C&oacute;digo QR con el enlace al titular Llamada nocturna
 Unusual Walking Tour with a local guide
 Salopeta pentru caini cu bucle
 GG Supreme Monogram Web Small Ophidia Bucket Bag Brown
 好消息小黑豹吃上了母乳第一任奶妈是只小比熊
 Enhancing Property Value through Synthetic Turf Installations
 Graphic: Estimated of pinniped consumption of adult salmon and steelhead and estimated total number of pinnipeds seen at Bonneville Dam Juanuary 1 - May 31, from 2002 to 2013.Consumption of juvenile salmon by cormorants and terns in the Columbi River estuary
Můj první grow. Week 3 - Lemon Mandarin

Your instructions: Reproduce the data exactly. Keep every line intact.

The answer:
C&oacute;digo QR con el enlace al titular Llamada nocturna
 Unusual Walking Tour with a local guide
 Salopeta pentru caini cu bucle
 GG Supreme Monogram Web Small Ophidia Bucket Bag Brown
 好消息小黑豹吃上了母乳第一任奶妈是只小比熊
 Enhancing Property Value through Synthetic Turf Installations
 Graphic: Estimated of pinniped consumption of adult salmon and steelhead and estimated total number of pinnipeds seen at Bonneville Dam Juanuary 1 - May 31, from 2002 to 2013.Consumption of juvenile salmon by cormorants and terns in the Columbi River estuary
Můj první grow. Week 3 - Lemon Mandarin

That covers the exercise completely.